Impact of grain geometry on chlorohydrocarbon contaminant transformation and reductive dichlorination activity

Abstract

Porous media widely exists in natural aquifers, engineering materials (such as materials used to remove contaminants from water) and oil reservoirs, etc. Due to the complexity of particles contained in porous media, the fluid flow and contaminants transport are undoubtedly affected by the particle geometry of porous media. Two kinds of particle geometry models are developed to assess whether the geometry of grain plays an important role on chlorohydrocarbon contaminant transport and bioremediation. Porous medium properties such as tortuosity, permeability and entry pressure are quantified for the two kinds of particle geometries. Meanwhile, a laboratory experiment for perchloroethylene (PCE) transport is performed in a two-dimensional (2D) sandbox to verify permeability and entry pressure derived by different particle geometries.

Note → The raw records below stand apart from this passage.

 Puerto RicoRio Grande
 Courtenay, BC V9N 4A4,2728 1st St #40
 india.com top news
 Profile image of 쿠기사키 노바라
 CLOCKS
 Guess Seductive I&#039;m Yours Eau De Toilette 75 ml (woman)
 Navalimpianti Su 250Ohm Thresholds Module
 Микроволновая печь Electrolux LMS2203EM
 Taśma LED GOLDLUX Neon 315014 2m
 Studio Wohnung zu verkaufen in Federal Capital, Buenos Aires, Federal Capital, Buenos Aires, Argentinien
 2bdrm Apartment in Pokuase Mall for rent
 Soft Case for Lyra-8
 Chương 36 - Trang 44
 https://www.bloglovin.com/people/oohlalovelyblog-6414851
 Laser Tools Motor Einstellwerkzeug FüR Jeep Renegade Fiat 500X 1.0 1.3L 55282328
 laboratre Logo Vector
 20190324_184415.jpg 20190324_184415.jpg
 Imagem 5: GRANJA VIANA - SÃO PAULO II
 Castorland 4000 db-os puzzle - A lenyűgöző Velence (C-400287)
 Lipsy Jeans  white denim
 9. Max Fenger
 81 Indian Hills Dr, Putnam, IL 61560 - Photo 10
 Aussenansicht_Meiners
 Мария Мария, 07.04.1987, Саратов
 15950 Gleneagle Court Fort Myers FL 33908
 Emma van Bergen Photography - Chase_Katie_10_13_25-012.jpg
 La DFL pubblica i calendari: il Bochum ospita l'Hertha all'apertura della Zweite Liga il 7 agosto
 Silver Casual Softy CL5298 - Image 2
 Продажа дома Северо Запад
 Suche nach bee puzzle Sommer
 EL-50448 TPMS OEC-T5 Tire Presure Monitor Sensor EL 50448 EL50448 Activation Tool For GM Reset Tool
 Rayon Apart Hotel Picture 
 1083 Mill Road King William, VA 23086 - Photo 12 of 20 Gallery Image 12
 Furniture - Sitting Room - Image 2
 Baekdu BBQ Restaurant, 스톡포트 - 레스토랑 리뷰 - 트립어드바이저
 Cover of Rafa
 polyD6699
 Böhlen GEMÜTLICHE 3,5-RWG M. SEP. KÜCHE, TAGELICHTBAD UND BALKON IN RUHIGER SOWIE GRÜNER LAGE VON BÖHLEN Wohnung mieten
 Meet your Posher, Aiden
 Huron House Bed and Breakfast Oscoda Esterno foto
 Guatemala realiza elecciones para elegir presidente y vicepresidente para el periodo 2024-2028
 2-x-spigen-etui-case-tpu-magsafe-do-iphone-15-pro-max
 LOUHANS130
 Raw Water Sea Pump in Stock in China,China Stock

Comparison between geometry models and experimental results indicate rectangular particles (RP) with high μ (the ratio of width to length) and ellipse particles (EP) with low η (the ratio of semi-long axis to semi-shorter axis) agree well with the experiment. Moreover, the grains geometry that forms the porous matrix's solid domain applied in the experiment is also identified according to the numerical simulation of PCE migration. Furthermore, two kinds of particle geometries are coupled with UTCHEM, to derive the effects of particle geometry on Trichloroethylene (TCE) transport, redistribution and biodegradation by methanotrophs for a realistic three-dimensional (3D) aquifer application. Results suggest the geometry of grain has a significant influence on the properties of a porous medium. The remediation efficiency became higher when μ increased for RP and η decreased for EP. PCE infiltration rate was lowest for RP with high μ and EP with low η. Simulation results based on realistic groundwater bioremediation indicated RP with μ = 0.9, EP with η = 1.1 and EP with η = 1.3 achieved the highest bioremediation efficiency for TCE contamination.